Todos nos quedamos parados y contribuimos con nuestra actitud
expectante a aumentar la tensión del momento y a dar
a Silvia un protagonismo especial. Eso, Alvaro lo analizó bien cuando se lo
conté y pienso que llevaba razón, pero es difícil reproducir la cara de Silvia,
sus gestos.
Cuando Fernando la llevaba cogida del hombro se paró como
quien tropieza en algo, más que un frenazo fue una especie de traspiés, de
tropezón. Parecía involuntario.
Silvia nunca ha sido rebelde y fue una niña muy dócil, de modo
que aguantó la regañina, dijo: "sí, papá" y,
muy formal, atravesó la habitación.
Al llegar al centro, vaciló un instante y después, con
decisión, levantó la pierna para superar el borde del ataúd, pisó delicadamente a abuela en las rodillas y en el pecho,
sorteó de una zancada el rostro y la parte superior de la caja, comprobó con
una rápida ojeada que la abuela no había sufrido mayores desperfectos, y se
volvió satisfecha hacia papá, dispuesta a recibir los plácemes por su
obediencia. Sólo faltó que hubiésemos oído crujir los huesos.
A mamá le dio un ataque de nervios y papá estuvo a punto de sufrir otro.
Silvia nos miraba a todos como diciendo: “¿pero qué he hecho yo?”.»
(Marina MAYORAL DÍAZ; Mondoñedo, Lugo, 1 de septiembre de
1942.Al otro lado, 1980.)
En las plazas se veló la política periclitada bajo el imperio de la economía neoliberal, y, como a la vieja abuela que un día, cuando
vital y generosa nos acogía bajo su cálido arrullo, quisimos tanto, aprendimos
también a rodear los espacios que ocupara su féretro, esos vestigios y reliquias institucionales del tiempo de la esperanza y la dignidad, en el que la Política
aún se podía escribir con mayúscula, o con la minúscula cotidianidad de la
ilusión y el esfuerzo de quienes aún confiaban en servir al mundo universalmente mejor del mañana.

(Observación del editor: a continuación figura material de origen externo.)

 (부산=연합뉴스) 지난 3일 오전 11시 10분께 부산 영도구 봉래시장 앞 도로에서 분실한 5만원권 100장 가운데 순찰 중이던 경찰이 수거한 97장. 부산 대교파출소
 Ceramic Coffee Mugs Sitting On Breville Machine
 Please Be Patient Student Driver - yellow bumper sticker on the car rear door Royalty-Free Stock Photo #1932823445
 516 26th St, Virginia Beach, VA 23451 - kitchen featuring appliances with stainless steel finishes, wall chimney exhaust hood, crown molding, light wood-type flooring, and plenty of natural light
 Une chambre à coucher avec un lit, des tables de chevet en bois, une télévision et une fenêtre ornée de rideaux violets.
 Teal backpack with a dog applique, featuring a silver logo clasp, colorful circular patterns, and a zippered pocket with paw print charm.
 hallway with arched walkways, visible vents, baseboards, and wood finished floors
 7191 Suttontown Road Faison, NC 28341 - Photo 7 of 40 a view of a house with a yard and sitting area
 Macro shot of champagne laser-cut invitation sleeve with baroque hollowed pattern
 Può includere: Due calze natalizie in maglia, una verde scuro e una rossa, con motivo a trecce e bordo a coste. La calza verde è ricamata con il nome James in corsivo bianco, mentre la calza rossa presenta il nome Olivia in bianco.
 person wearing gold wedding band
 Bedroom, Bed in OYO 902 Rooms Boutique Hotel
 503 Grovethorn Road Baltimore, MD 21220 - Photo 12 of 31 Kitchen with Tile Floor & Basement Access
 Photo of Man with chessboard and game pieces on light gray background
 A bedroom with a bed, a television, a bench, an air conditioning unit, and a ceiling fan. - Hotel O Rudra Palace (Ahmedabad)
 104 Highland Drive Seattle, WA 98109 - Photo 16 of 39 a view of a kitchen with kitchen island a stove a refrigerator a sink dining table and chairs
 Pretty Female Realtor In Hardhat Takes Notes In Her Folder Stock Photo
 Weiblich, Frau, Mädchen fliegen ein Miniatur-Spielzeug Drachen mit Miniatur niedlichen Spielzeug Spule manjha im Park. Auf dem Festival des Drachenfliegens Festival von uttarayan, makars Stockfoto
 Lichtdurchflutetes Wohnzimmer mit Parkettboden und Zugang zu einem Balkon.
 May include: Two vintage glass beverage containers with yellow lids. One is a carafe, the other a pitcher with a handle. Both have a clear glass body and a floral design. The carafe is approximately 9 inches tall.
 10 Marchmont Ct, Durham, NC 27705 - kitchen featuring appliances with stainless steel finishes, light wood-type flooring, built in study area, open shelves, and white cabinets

Y entendimos, acaso confusamente, que había
que rodear literal, físicamente esas
instituciones, no para tomarlas (su dueño, desde luego, no es ya el pueblo, en realidad nunca lo fue), sino
para mostrar pública y simbólicamente su
carácter de teatro de sombras al servicio
de los poderosos, o sea de féretro
político. Así que cuando la gente de
orden miraba asombrada el espectáculo
(que porras, togas, y oportunistas de diverso pelaje tornaban, en ocasiones,
violento), a punto de un ataque de nervios, y la autoridad (in)competente pretendía imponer mediante coacción el respeto
de esos espacios, ¿qué otra cosa se podía hacer sino caminar con cuidado sobre
los cadáveres que personifican ese óbito
de la política y sobre quienes escriben los nuevos guiones?... Bajo la
forma de
escraches.
Y en eso andan las resistencias y las disidencias...
Con efectos visibles, de momento, en las estadísticas.